# How do FF Cultures work?



## blitzmantis (Feb 15, 2008)

I'm getting my 1st culture soon and i am not sure about several things:

1. How come they breed in the culture?

2. How do I keep them breeding?

3. Where should I keep them (temp, environment, light?)

4. How many should I supply to a group of nymphs from an ooth (formula? like: for every one mantid, two flies?)

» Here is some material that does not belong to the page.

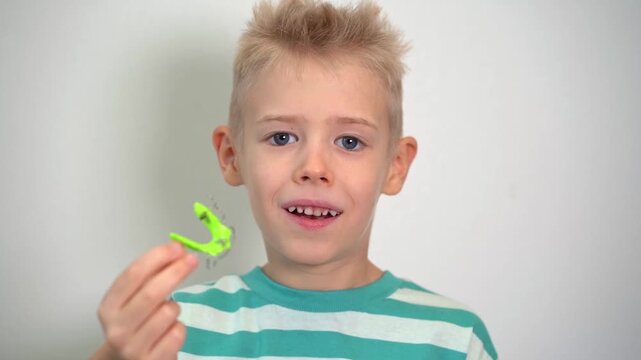 Dentist test setting of palatal braces for young patient in child's hand. Jaw correction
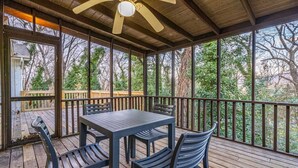 A covered outdoor deck with a table and chairs, a ceiling fan, and a view of trees. - 6807 Jones Valley · ֍The Strata֎ 4000 SQ Feet, 6 BR, Pool Table (Huntsville)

Please help as I want to make the most out of my culture before they die out.


----------



## matt020593 (Feb 15, 2008)

blitzmantis said:


> I'm getting my 1st culture soon and i am not sure about several things:1. How come they breed in the culture?
> 
> 2. How do I keep them breeding? *-You have to make new cultures for them and put some of the flies in from your last culture then they lay eggs in the medium. (there is a thread on here some where on how to make the FF medium)*
> 
> ...


Hope this has helped. Some of the experts will probably give you clearer answers.


----------



## macro junkie (Feb 15, 2008)

1. How come they breed in the culture?

2. How do I keep them breeding?

3. Where should I keep them (temp, environment, light?)

4. How many should I supply to a group of nymphs from an ooth (formula? like: for every one mantid, two flies?)

1.cause they do..lol..its where the flys live..they mate and eat in there.

2.after a month or 2 just make a new culture and throw about 10 flys in the new culture..it wil take week or 2 to get started.

3.between 70-90f..hotter the better..they produce alot more and faster if u keep them hotter.

4.if your housing them in cups dont throw any more than 5 nymphs per cup..it freakes them out.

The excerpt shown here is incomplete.